Oakdale Irrigation District directors will discuss options for selling water to out-of-county agencies Tuesday morning during a closed-door session.
OID will discuss the “price and terms” of water sales to the Westlands Water District, Stockton East Water District and “federal and state water contractors.”
How much water OID will have available to sell isn’t known, said General Manager Steve Knell. The feds will give the district a forecast in February based on the Sierra snowpack, he said.
Because of the drought, OID’s public discussions this year primarily have focused on its water conservation efforts, the possibility of having to furlough land to reduce irrigation demand next year and the need for increased groundwater pumping.

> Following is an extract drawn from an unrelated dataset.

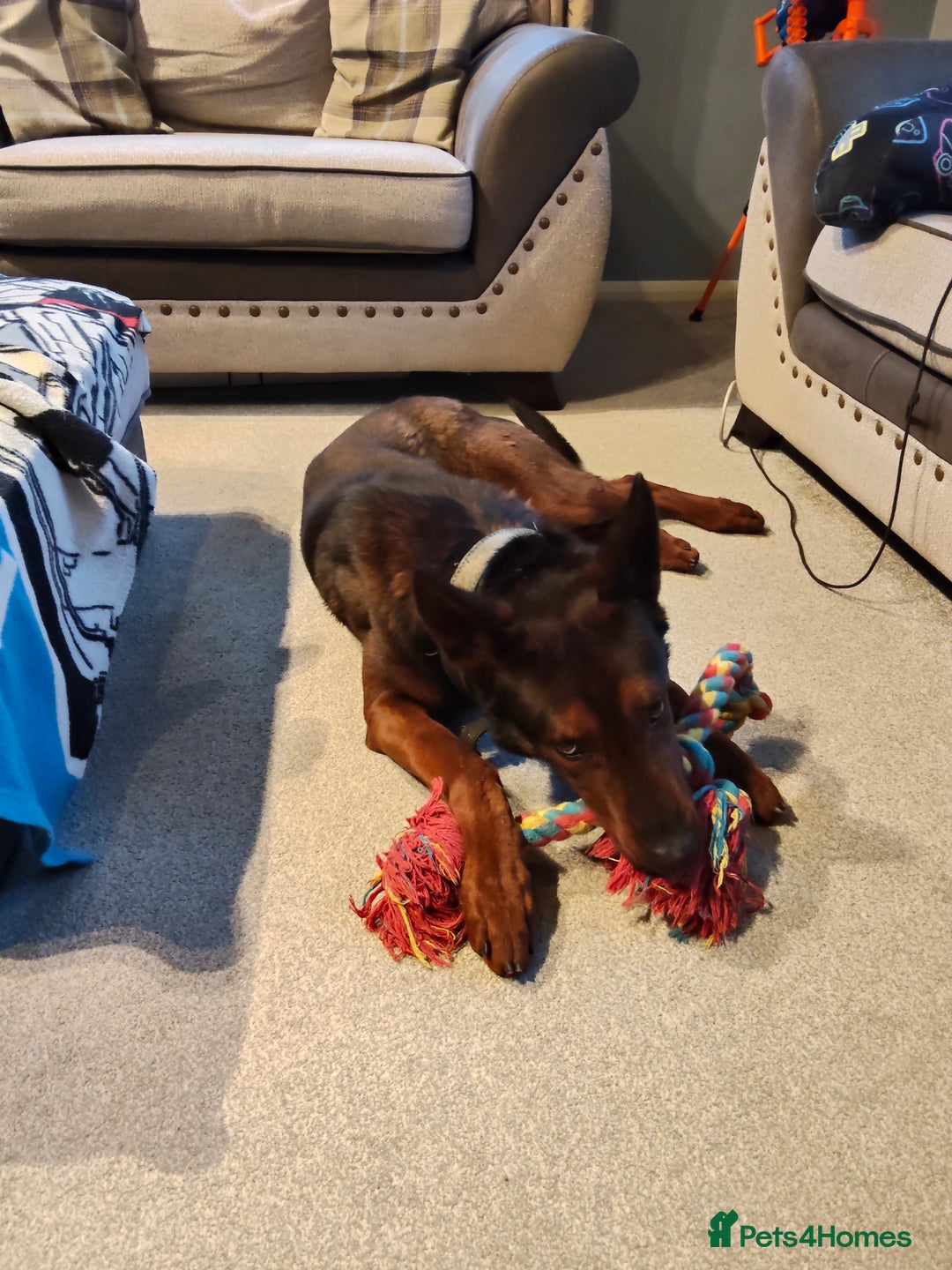 Chinese Red Dog dogs for sale: Looking for a new home. - Advert 5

Numerous Stanislaus County farmers – such as those in the Paulsell Valley southeast of Oakdale – also have been asking to buy OID water, rather than continuing to pump groundwater. Negotiations between OID leaders and Paulsell farmers have been going on for months.
But there have been no public discussions about OID selling water to outside agencies since a proposal in January. That was when OID directors had scheduled private water sale negotiations with the Westlands Water District. That deal was scuttled after OID farmers and ranchers packed the boardroom to voice objections.
OID leadership in January considered a plan to fallow Oakdale pastures so the irrigation water saved could be sold to Fresno County’s Westlands district for something like $400 per acre-foot. After three years of drought, water prices have climbed much since then.
The OID is water rich compared with most California irrigation districts because of its century-old rights to Stanislaus River water and access to storage in New Melones Reservoir. OID also pumps groundwater, and this year doubled its normal pumping rate to about 17,000 acre-feet. As a result, OID this year didn’t have to use as much of its surface water. It now is storing that extra water in New Melones and its other reservoirs.
During the past decade, OID has sold 382,408 acre-feet of water outside its borders and collected more than $35.3million for it. Those sales have subsidized OID’s budget, enabling it to charge the district’s farmers among the lowest water rates in California.
Before any water sales can be finalized, state law requires OID to hold a public hearing.
OID’s closed-door talks will start after its regular public meeting. That meeting will start at 9 a.m. at OID headquarters, 1205 E. F St.